### Given data
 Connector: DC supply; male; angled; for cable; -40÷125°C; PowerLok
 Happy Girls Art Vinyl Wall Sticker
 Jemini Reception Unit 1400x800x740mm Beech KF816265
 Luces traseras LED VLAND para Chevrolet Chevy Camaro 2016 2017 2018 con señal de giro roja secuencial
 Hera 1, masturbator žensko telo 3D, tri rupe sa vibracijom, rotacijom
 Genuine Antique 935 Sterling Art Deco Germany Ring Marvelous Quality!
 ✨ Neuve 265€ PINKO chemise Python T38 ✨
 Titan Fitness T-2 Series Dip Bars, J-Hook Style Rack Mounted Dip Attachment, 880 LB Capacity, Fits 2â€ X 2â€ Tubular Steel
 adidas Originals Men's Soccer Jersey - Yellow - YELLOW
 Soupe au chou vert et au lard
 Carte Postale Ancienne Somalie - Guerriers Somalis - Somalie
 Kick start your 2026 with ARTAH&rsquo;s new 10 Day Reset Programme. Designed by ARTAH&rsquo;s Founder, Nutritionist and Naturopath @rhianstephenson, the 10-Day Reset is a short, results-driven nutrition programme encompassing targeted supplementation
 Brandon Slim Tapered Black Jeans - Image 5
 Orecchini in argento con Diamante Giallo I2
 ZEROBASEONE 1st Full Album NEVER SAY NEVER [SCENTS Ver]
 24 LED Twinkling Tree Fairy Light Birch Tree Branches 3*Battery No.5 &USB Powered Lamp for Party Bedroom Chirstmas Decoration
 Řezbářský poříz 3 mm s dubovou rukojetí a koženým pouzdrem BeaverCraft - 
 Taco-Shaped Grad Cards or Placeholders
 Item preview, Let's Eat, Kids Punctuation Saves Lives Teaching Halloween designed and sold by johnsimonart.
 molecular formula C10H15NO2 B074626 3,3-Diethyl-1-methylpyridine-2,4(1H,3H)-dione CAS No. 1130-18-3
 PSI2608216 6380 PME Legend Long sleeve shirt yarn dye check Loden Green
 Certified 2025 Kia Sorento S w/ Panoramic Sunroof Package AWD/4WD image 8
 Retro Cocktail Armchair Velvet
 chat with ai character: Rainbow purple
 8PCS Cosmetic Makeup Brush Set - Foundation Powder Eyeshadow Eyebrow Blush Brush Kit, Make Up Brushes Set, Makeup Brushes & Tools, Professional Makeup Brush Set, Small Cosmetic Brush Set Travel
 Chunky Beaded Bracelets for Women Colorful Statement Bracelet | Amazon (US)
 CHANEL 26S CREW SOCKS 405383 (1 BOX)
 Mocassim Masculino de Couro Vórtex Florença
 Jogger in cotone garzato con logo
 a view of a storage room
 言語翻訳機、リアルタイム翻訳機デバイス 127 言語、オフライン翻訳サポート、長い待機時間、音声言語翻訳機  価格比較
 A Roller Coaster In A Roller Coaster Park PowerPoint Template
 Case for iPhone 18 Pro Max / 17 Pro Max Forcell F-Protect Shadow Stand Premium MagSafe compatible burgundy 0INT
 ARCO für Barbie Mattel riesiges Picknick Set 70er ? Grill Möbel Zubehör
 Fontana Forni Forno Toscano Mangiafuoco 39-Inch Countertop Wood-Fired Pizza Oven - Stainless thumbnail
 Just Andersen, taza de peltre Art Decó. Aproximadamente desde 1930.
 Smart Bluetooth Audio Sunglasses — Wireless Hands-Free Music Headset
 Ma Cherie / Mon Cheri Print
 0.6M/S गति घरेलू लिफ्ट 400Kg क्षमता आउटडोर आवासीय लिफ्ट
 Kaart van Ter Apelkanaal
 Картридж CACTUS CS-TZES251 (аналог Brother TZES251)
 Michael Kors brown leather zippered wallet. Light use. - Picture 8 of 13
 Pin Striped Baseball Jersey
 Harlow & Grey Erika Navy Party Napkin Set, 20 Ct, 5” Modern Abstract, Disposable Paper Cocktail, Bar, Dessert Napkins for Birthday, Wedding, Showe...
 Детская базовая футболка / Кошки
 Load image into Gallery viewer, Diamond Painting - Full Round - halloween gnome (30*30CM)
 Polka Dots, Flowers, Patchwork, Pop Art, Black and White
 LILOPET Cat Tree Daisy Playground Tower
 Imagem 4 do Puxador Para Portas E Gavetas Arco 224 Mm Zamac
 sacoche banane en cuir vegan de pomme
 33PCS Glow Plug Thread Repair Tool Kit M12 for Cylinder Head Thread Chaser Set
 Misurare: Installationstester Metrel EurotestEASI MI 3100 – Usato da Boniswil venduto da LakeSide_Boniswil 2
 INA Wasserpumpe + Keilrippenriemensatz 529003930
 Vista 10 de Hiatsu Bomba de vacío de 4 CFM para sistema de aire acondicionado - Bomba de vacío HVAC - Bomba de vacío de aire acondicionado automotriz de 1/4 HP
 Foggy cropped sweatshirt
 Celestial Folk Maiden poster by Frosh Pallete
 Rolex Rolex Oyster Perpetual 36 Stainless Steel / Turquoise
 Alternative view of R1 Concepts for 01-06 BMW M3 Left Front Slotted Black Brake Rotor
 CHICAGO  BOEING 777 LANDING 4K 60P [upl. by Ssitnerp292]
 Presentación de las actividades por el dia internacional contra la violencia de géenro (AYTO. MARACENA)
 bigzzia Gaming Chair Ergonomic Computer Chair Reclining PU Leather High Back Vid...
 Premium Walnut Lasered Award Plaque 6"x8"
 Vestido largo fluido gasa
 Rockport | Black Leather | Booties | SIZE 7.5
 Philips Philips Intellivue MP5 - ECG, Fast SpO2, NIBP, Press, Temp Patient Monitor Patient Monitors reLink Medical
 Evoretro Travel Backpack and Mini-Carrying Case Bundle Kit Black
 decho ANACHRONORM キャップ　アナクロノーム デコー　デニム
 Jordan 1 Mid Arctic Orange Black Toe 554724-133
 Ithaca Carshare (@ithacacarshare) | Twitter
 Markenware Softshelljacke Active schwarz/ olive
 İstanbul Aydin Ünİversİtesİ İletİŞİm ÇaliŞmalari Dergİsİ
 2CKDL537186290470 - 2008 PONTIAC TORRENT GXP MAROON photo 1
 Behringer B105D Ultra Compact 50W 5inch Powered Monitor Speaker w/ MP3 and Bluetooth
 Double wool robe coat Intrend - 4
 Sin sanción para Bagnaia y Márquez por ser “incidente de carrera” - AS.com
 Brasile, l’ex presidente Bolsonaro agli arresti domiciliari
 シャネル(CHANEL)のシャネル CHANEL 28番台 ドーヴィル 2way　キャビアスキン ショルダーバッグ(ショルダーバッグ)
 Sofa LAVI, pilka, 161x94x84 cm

### Problem to work on
Go through the data above and find the lines with the word "CHANEL". Copy each of those lines.

### Solution to this exercise
 CHANEL 26S CREW SOCKS 405383 (1 BOX)
 シャネル(CHANEL)のシャネル CHANEL 28番台 ドーヴィル 2way　キャビアスキン ショルダーバッグ(ショルダーバッグ)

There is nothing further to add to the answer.